Le generazioni di oggi non sono come quelle di ieri, nelle quali spesso il lock down per certi comportamenti era la conseguenza di una educazione di rapporti all’interno della famiglia così diversa da oggi. Per non parlare della chiusura delle prospettive di conoscenza più ampie: i ragazzi che stavano partendo per un Erasmus ed avevano nel loro zaino il mondo, la prospettiva di interagire con realtà tanto diverse e piene di scoperte e si sono trovate tra il tinello e il letto, appunto  sdraiati  tra il divano della tv e il proprio letto, unico spazio di intimità, cosa hanno perso?


Il problema non è quello del danno immediato e specifico, è  proprio quello di una prospettiva.Quello che stupisce è l’assenza di una coscienza collettiva rispetto a tutto questo. I posti di lavori che saltano, il pil che crolla, le aziende che chiudono e il disagio tanto forte da arrivare alla fame, ai nuovi poveri, sono certamente l’allarme rosso che suona in questi tempi così difficili.
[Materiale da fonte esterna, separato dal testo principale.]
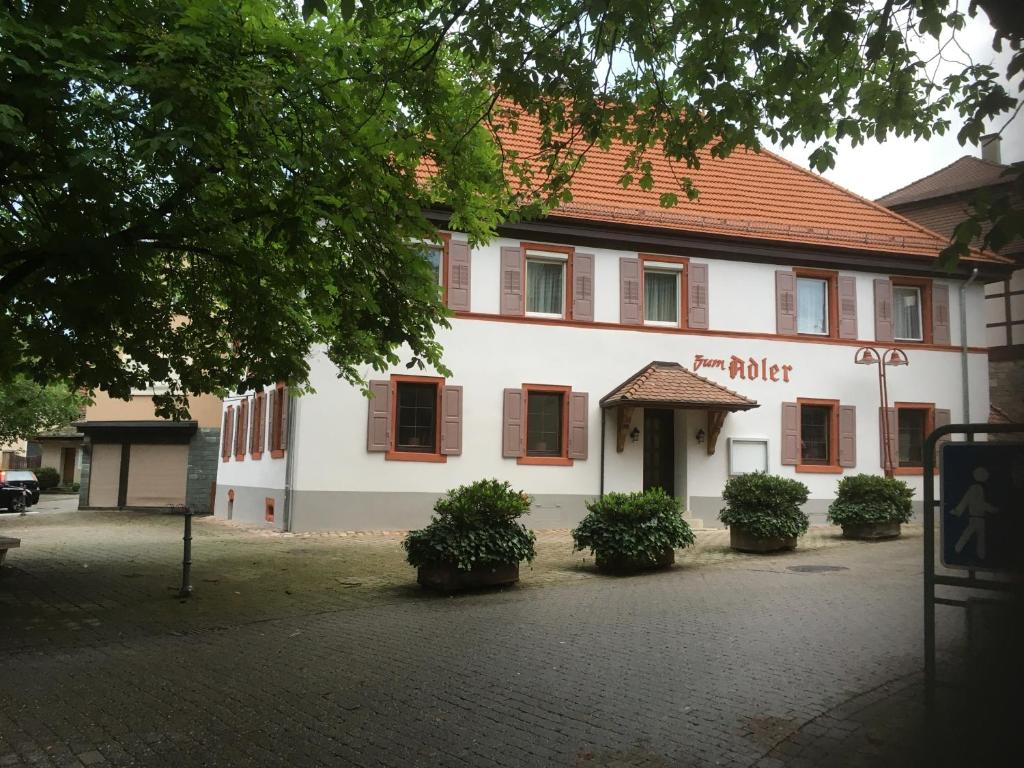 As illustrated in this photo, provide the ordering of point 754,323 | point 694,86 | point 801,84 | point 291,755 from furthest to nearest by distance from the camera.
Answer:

Ma quei bambini, quei ragazzi, quegli studenti sono il nostro futuro. Sono il loro futuro. Sottovalutare o non calcolare, pensando che si risolve tutto con un centro estivo riaperto, con un esame di maturità lungo un’ora (chissà perché un’ora e non di più o di meno, a seconda di come si risponde?), con un’infornata di 16 mila precari nella scuola di domani,  appare colpevolmente riduttivo.